2020年11月16日 11:00
山谷のけんちん汁店 84歳の店主が見た日雇い労働者の町の盛衰
しかし、好景気はやがて終わりを告げ、オートメーション化など、国の産業構造も大きく変化した。それにともない山谷の町も様変わり。日銭を稼げる仕事はどんどん少なくなって、頑健だった労働者はみな、高齢者になった。多くの簡宿は、マンションなどに建て替えられた。
現在、山谷に暮らすかつての労働者たちは4千人足らず。そのうち約9割が、生活保護の受給者とされている。
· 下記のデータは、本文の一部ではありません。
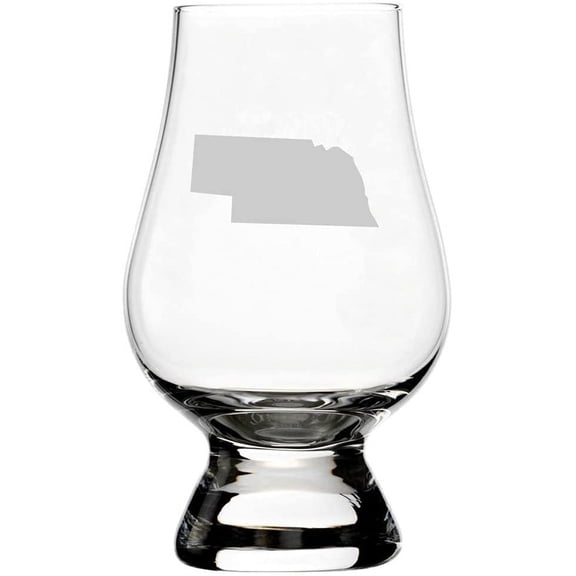 Nebraska States Etched 6.5oz Glencairn Whisky Glass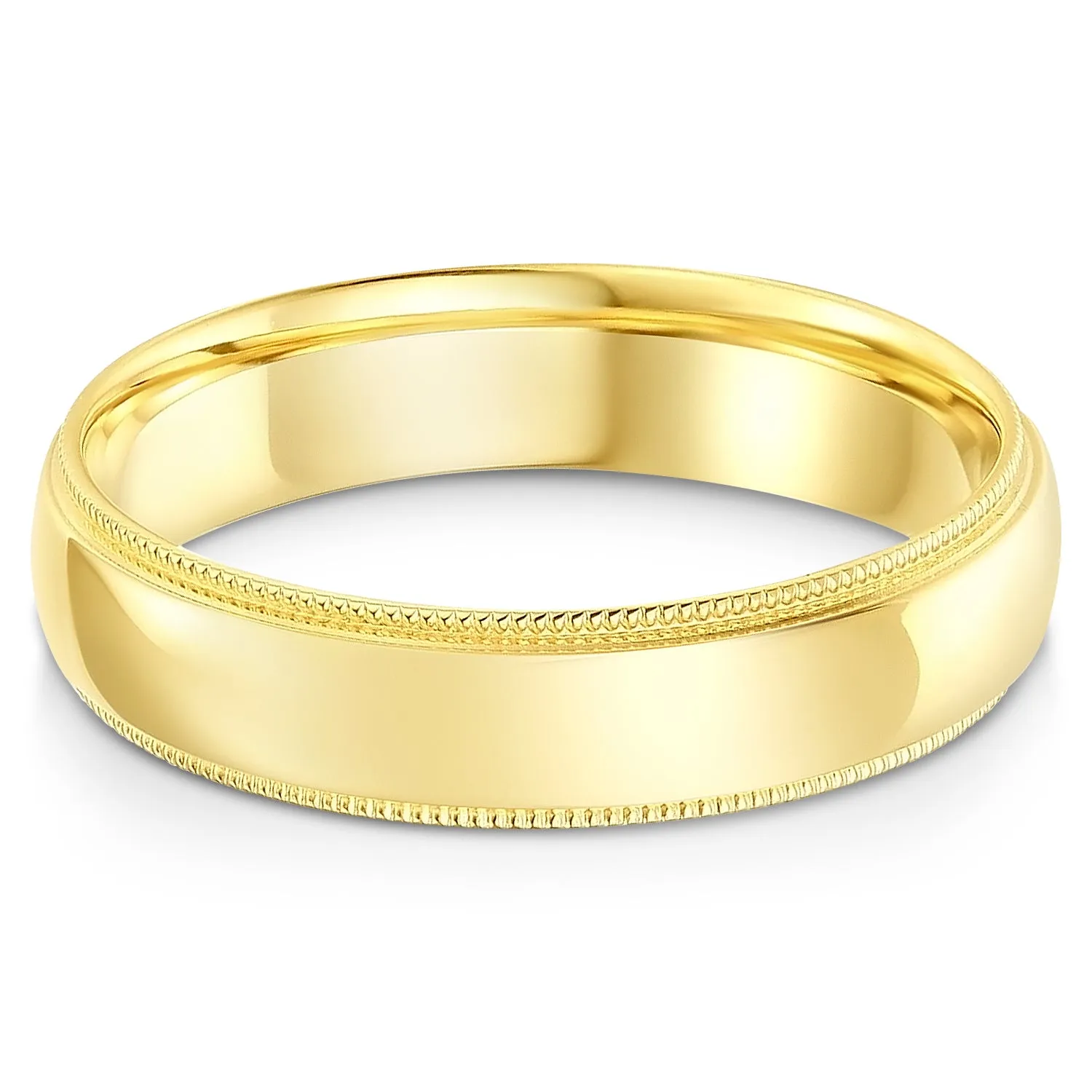 14k Solid Gold 5mm Comfort Fit Milgrain Traditional Wedding Band Ring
「今日はとくに(客は)少ないんじゃないかな。もう月末が近いでしょ。
福祉のお金(生活保護費)ってね、毎月1日だか2日だか、月初に出るんだって。だから月末近くなるとみんな、お金なくなっちゃうんだよね」
新平さんの言ったとおり、2杯目のけんちん汁が売れたのは、開店から15分以上経過した後のことだった。
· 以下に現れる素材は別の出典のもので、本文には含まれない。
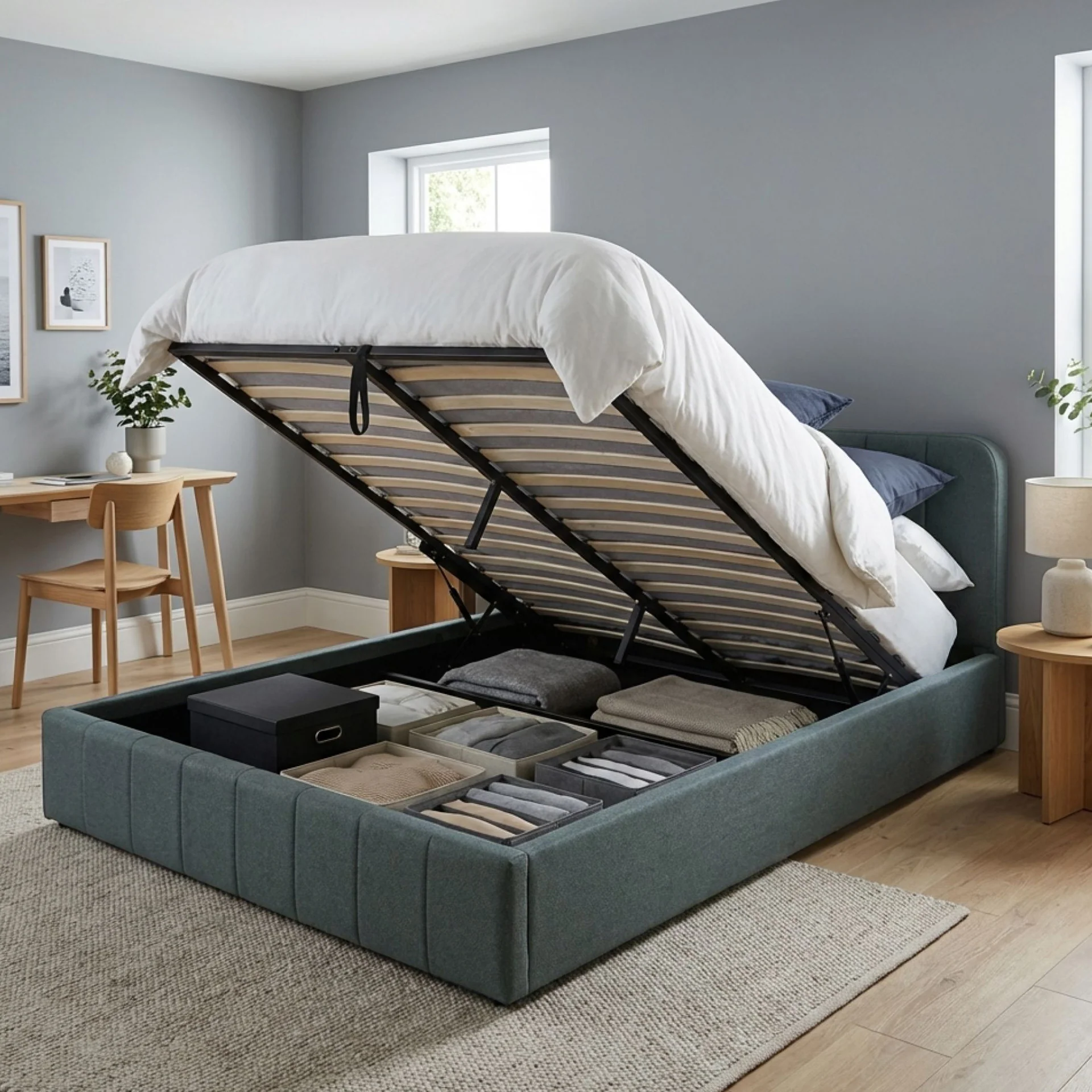 Veloria Queen Gas Lift Bed Frame - Green - Image 2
「それでも一時はね、いっぱいあった旅館(簡易宿泊所)が『ホテル』に名を変えて。外国人の観光客なんかもたくさん来てた。うちにも外国のお客さん、来たこともあった。でもそれもコロナでいなくなっちゃったね。山谷はすっかり寂しい町になっちゃった……」
別の日の朝。仕込みを続ける新平さんに「いつまで商売を続けるつもりですか」と聞いた。
「もうね、何年か前から商売にはなってないんだ。